Jews availed themselves eagerly of the opportunities to give their children a higher secular education. Jews formed a considerable part of the German minority in Prague, and the majority adhered to liberal movements. David Kuh founded the "German liberal party of Bohemia and represented it in the Bohemian diet (1862-1873). Despite strong Germanizing factors, many Jews adhered to the Czech language, and in the last two decades of the 19th century a Czech assimilationist movement developed which gained support from the continuing influx of Jews from the rural areas. Through the influence of German nationalists from the Sudeten districts anti-Semitism developed within the German population and opposed Jewish assimilation. At the end of the 19th century Zionism struck roots among the Jews of Bohemia, especially in Prague.
Growing secularization and assimilation led to an increase of mixed marriages and abandonment of Judaism. At the time of the Czechoslovak republic, established in 1918, many more people registered their dissociation of affiliation to the Jewish faith without adopting another.
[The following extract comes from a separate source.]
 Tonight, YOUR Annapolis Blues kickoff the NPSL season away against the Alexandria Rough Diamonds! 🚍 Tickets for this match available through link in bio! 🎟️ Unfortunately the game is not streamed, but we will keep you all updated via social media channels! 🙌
The proportion of mixed marriages in Bohemia was one of the highest in Europe. The seven communities of Prague were federated in the union of Jewish religious communities of greater Prague and cooperated on many issues. They established joint institutions; among these the most important was the institute for social welfare, established in 1935. The "Afike Jehuda society for the Advancement of Jewish Studies" was founded in 1869. There were also the Jewish museum and "The Jewish historical society of Czechoslovakia". A five-grade elementary school was established with Czech as the language of instruction. The many philanthropic institutions and associations included the Jewish care for the sick, the center for social welfare, the aid committee for refugees, the aid committee for Jews from Carpatho- Russia, orphanages, hostels for apprentices, old-age homes, a home for abandoned children, free-meal associations, associations for children's vacation centers, and funds to aid students. Zionist organizations were also well represented. There were three B'nai B'rith lodges, women's organizations, youth movements, student clubs, sports organizations, and a community center. Four Jewish weeklies were published in Prague (three Zionist; one Czech- assimilationist), and several monthlies and quarterlies. Most Jewish organizations in Czechoslovakia had their headquarters in Prague.
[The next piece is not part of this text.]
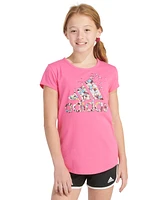 adidas Big Girls Short-Sleeve Cotton Essential Logo Graphic T-Shirt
Jews first became politically active, and some of them prominent, within the German orbit. David Kuh and the president of the Jewish community, Arnold Rosenbacher, were among the leaders of the German Liberal party in the 19th century. Bruno Kafka and Ludwig Spiegel represented its successor in the Czechoslovak republic, the German Democratic Party, in the chamber of deputies and the senate respectively. Emil Strauss represented that party in the 1930s on the Prague Municipal Council and in the Bohemian diet. From the end of the 19th century an increasing number of Jews joined Czech parties, especially T. G. Masaryk's realists and the social democratic party. Among the latter Alfred Meissner, Lev Winter, and Robert Klein rose to prominence, the first two as ministers of justice and social welfare respectively.
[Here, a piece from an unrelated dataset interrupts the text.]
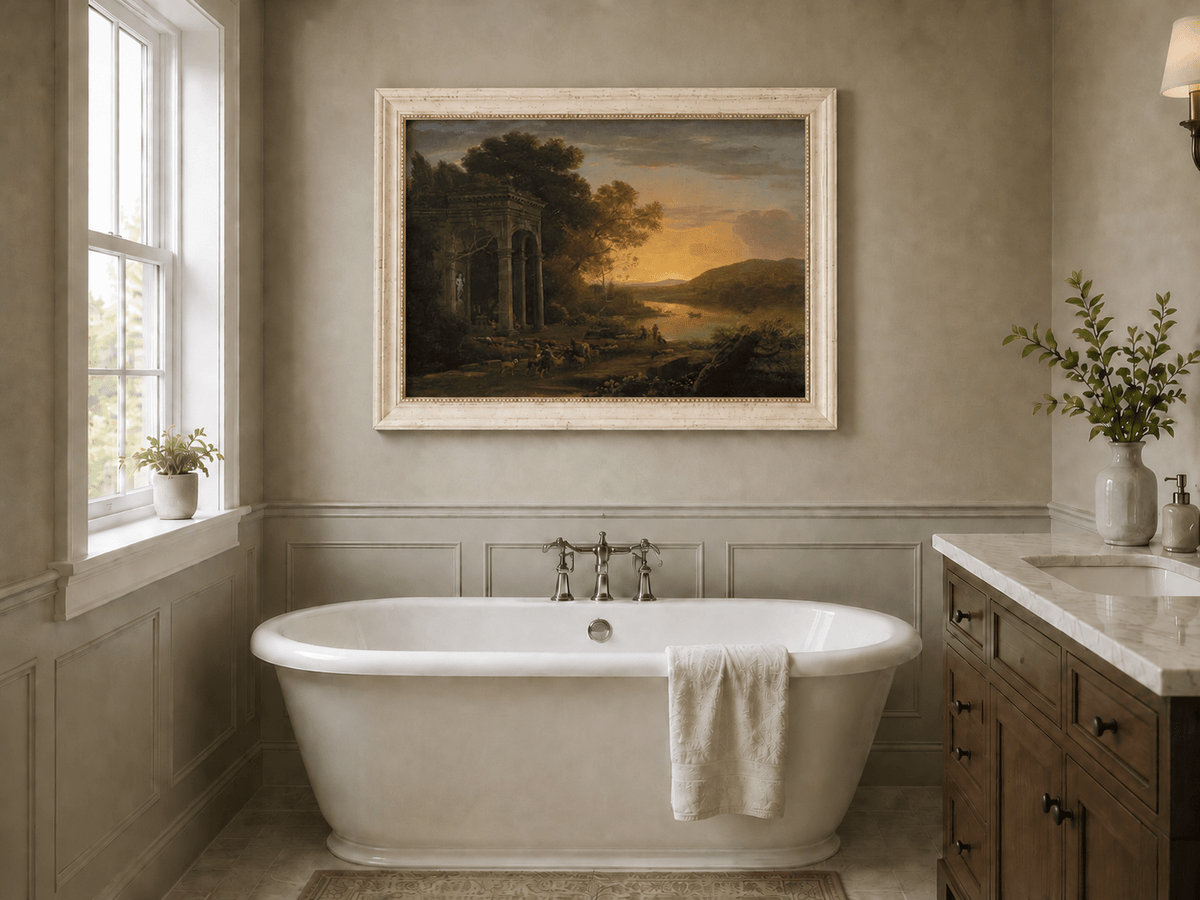 Landscape Oil Painting - Classical Sunset River with Temple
Zionists, though a minority, soon became the most active element among the Jews of Prague. "Barissia" - Jewish Academic Corporation, was founded in Prague in 1903, it was one of the leading academic organizations for the advancement of Zionism in Bohemia. Before World War I the students' organization "Bar Kochba", under the leadership of Samuel Hugo Bergman, became one of the centers of cultural Zionism. The Prague Zionist Arthur Mahler was elected to the Austrian parliament in 1907, though as representative of an electoral district in Galicia. Under the leadership of Ludvik Singer the "Jewish National Council" was formed in 1918. Singer was elected in 1929 to the Czechoslovak parliament, and was succeeded after his death in 1931 by Angelo Goldstein. Singer, Goldstein, Frantisek Friedmann, and Jacob Reiss represented the Zionists on the Prague municipal council also. Some important Zionist conferences took place in Prague, among them the founding conference of hitachadut in 1920, and the
18th Zionist congress in 1933.
The group of Prague German-Jewish authors which emerged in the 1880s, known as the "Prague Circle" ('der Prager Kreis'), achieved international recognition and included Franz Kafka, Max Brod, Franz Werfel, Oskar Baum, Ludwig Winder, Leo Perutz, Egon Erwin Kisch, Otto Klepetar, and Willy Haas.
During the Holocaust period, the measures e.g., deprivation of property rights, prohibition against religious, cultural, or any other form of public activity, expulsion from the professions and from schools, a ban on the use of public transportation and the telephone, affected Prague Jews much more than those still living in the provinces. Jewish organizations provided social welfare and clandestinely continued the education of the youth and the training in languages and new vocations in preparation for emigration. The Palestine office in Prague, directed by Jacob Edelstein, enabled about 19,000 Jews to emigrate legally or otherwise until the end of 1939.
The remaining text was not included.